AAclust.filter_coverage

AAclust.filter_coverage(X, scale_ids, names_ref, min_coverage=100, df_cat=None, col_name='subcategory')[source]

Select a redundancy-reduced set of numerical scales with defined subcategory coverage.

This method reduces the number of numerical scales in the feature matrix X, while ensuring that the selected scales cover a minimum percentage (min_coverage) of subcategories.

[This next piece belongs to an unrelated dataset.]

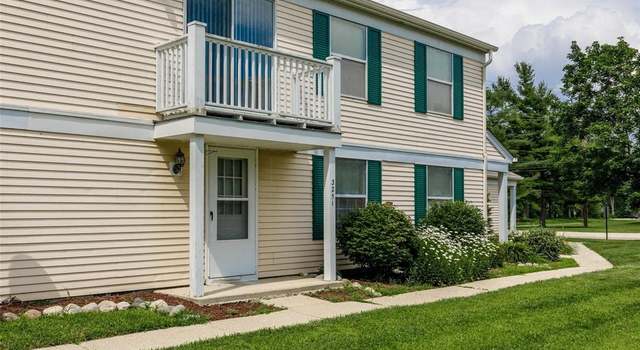 Photo of 3251 NORTHFIELD Ct, Lake Orion, MI 48360 1731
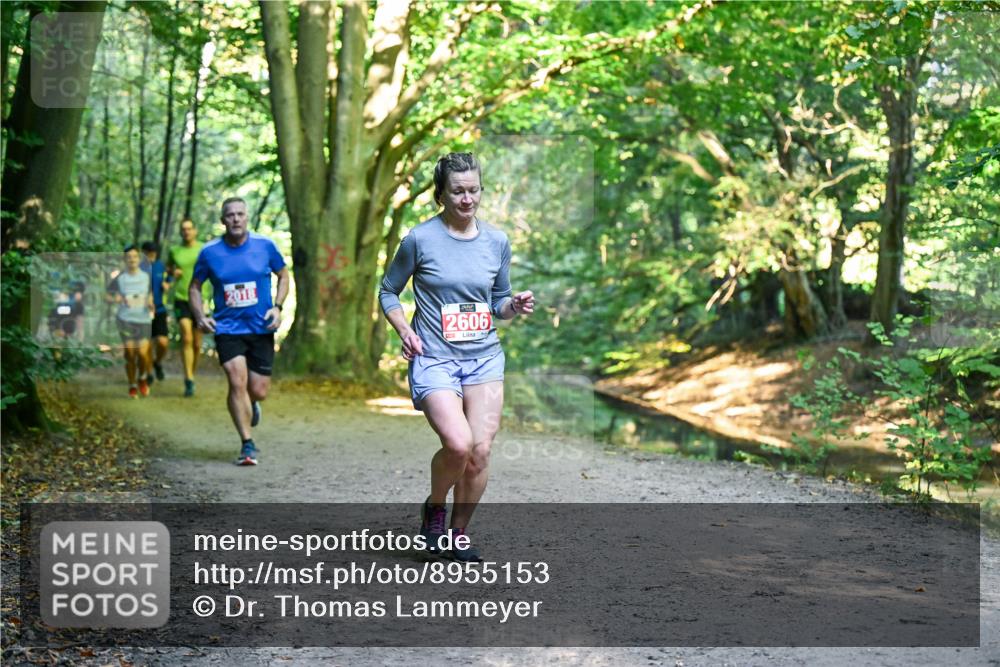 28.09.2025 - 33. Volkslauf durch das schöne Alstertal Dr. Thomas Lammeyer http://msf.ph/oto/8955153 28.09.2025 10:40:52 Laufen 2018, 2606 meine-sportfotos.de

The process involves clustering the scales in X and selecting one scale per cluster. The initial number of clusters is determined by the number of unique subcategories in names_ref. The number of clusters is increased step-wise until the overlap (coverage) between the unique elements in names_ref and the subcategories of the selected scales meets a defined threshold (min_coverage).

Added in version 0.1.0.

Parameters:

X (array-like, shape (n_scales, n_features)) – Feature matrix. Rows correspond to scales and columns to amino acids.
scale_ids (list of str) – List of scale IDs corresponding to the rows in X.
names_ref (list of str) – List of reference sample names (‘subcategories’) representing the desired subcategories for coverage. Must contain the same unique elements as the unique subcategories associated with scale_ids
min_coverage (int, default=100) – Minimum coverage percentage of unique subcategories to be achieved by the selected clusters.
df_cat (pd.DataFrame) – DataFrame containing the categorical information for each scale. Should include columns scale_ids and the specified col_name. Required columns are ‘scale_id’, ‘category’, ‘subcategory’, and ‘scale_name’.
col_name ({'category', 'subcategory', 'scale_name'}, default='subcategory') – Column name in df_cat that contains the subcategory information (alternatively, category or scale name).

Returns:

selected_scale_ids – List of selected scale ids that meet the minimum coverage criteria.

Return type:

list of str

See also

AAclust.fit(): The clustering function used in every round for scale selection.
AAclust.comp_coverage(): The function used to compute the subcategory coverage.

Examples

We load an example scale dataset to showcase the AAclust().filter_coverage() method:

import aaanalysis as aa
aa.options["verbose"] = False

# Create test dataset of 100 amino acid scales
df_scales = aa.load_scales()
scale_ids = list(df_scales.columns)[:100]
X = df_scales[scale_ids].T.values

# Create list of subcategories to be covered
df_cat = aa.load_scales(name="scales_cat")
names_ref = df_cat[df_cat["scale_id"].isin(scale_ids)]["subcategory"].tolist()

# Create AAclust model
aac = aa.AAclust()

aa.display_df(df_cat, n_rows=5)

	scale_id	category	subcategory	scale_name	scale_description
1	LINS030110	ASA/Volume	Accessible surface area (ASA)	ASA (folded coil/turn)	Total median ac...s et al., 2003)
2	LINS030113	ASA/Volume	Accessible surface area (ASA)	ASA (folded coil/turn)	% total accessi...s et al., 2003)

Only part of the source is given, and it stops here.